ABOUT THIS TASK -
Give back every line of the material below exactly, but no images.

** COLLECTED DATA follows **

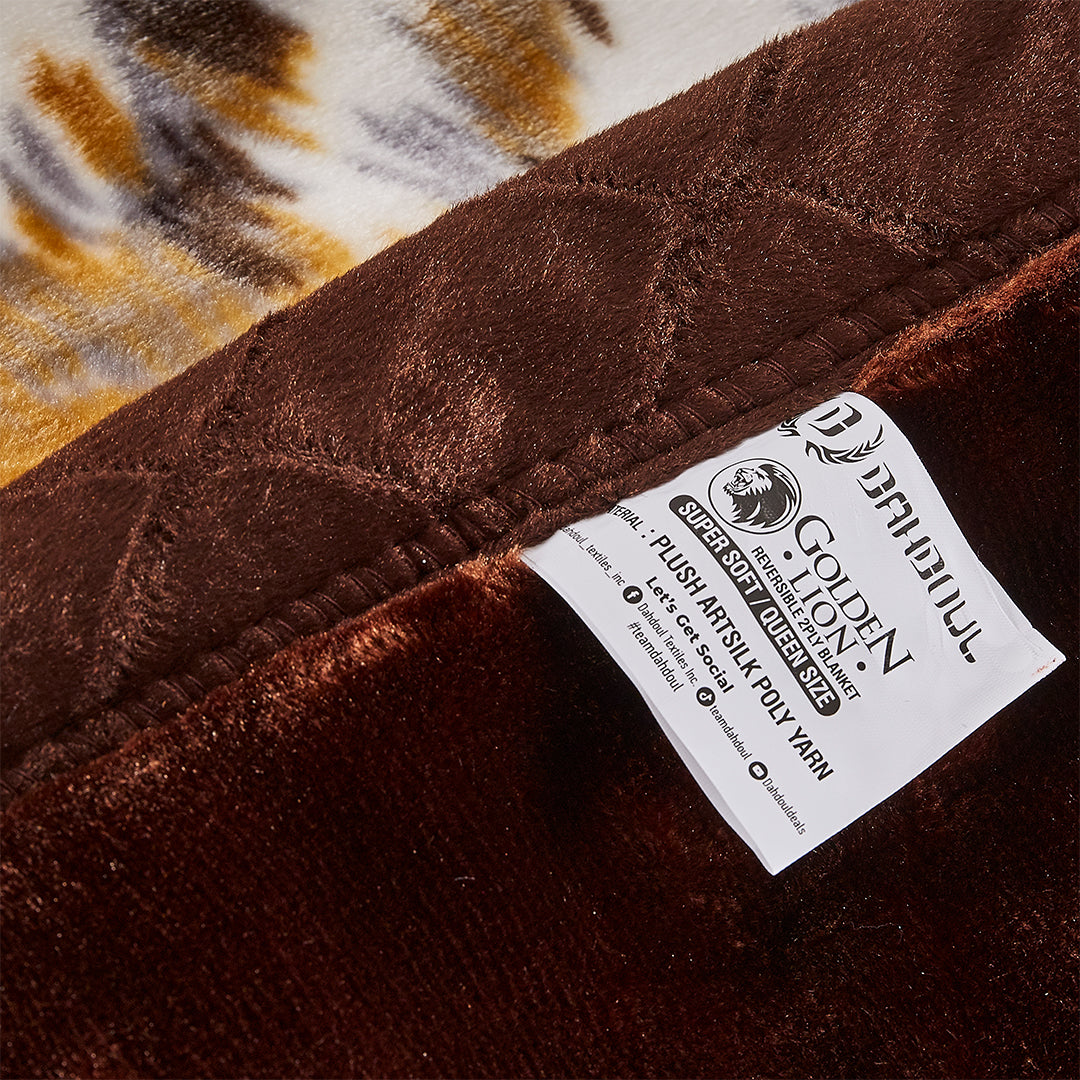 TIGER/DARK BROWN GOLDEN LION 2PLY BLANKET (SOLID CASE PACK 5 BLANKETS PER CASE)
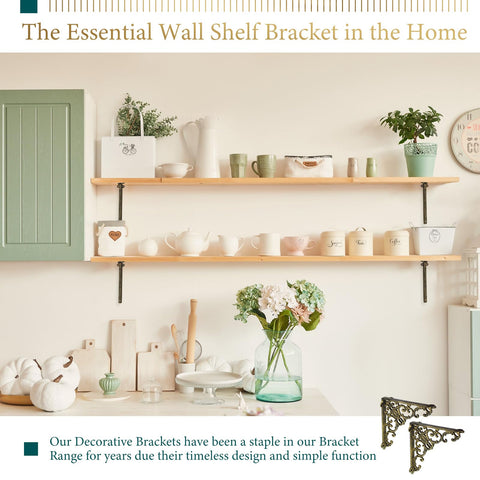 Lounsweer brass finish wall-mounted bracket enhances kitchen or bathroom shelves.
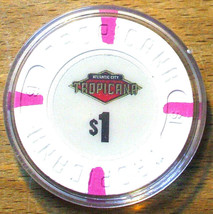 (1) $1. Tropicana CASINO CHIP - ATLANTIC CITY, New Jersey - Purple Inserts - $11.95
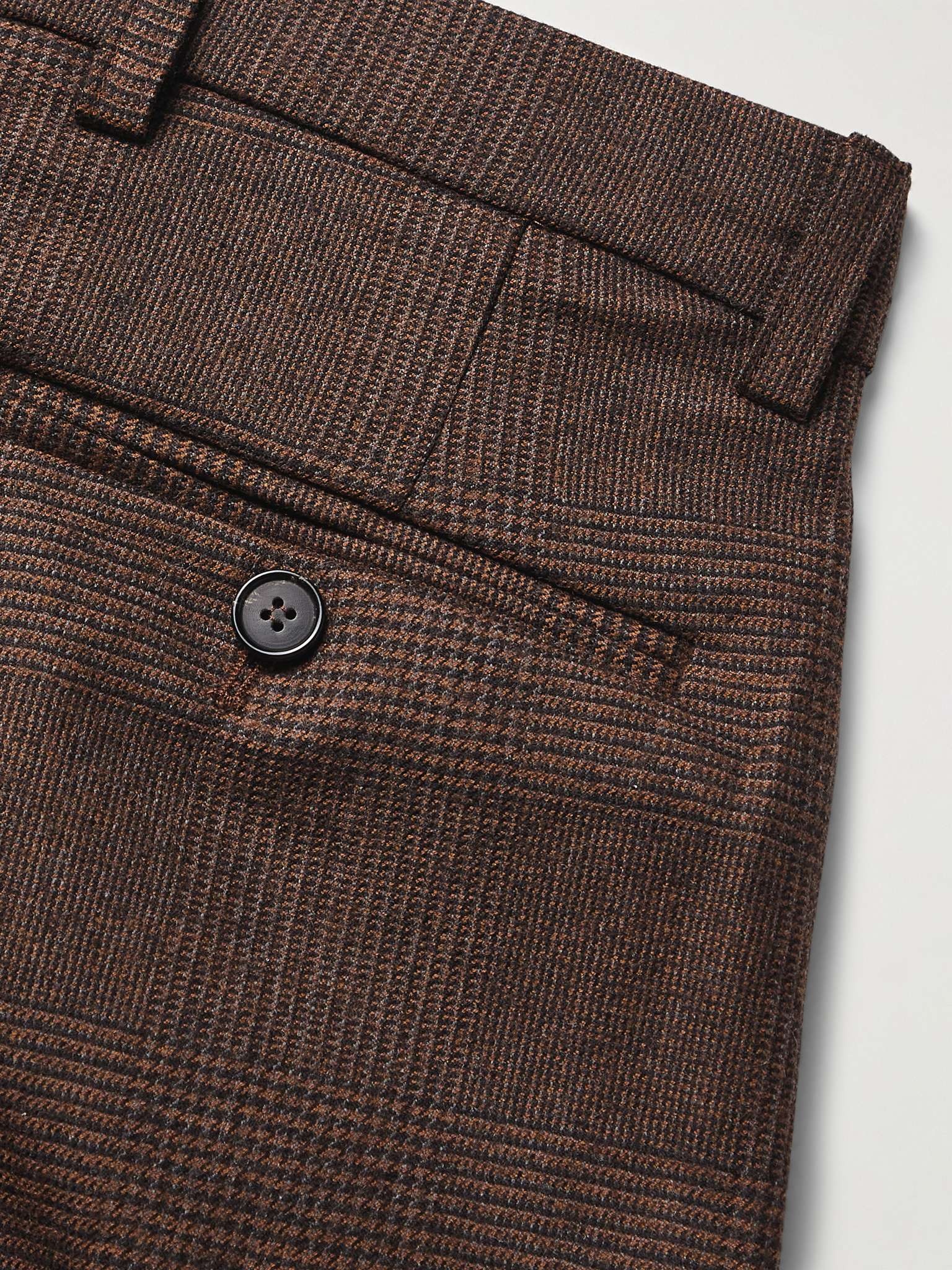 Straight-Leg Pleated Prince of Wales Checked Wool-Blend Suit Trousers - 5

** End of COLLECTED DATA **

TASK RESULT -
 TIGER/DARK BROWN GOLDEN LION 2PLY BLANKET (SOLID CASE PACK 5 BLANKETS PER CASE)
 Lounsweer brass finish wall-mounted bracket enhances kitchen or bathroom shelves.
 (1) $1. Tropicana CASINO CHIP - ATLANTIC CITY, New Jersey - Purple Inserts - $11.95
 Straight-Leg Pleated Prince of Wales Checked Wool-Blend Suit Trousers - 5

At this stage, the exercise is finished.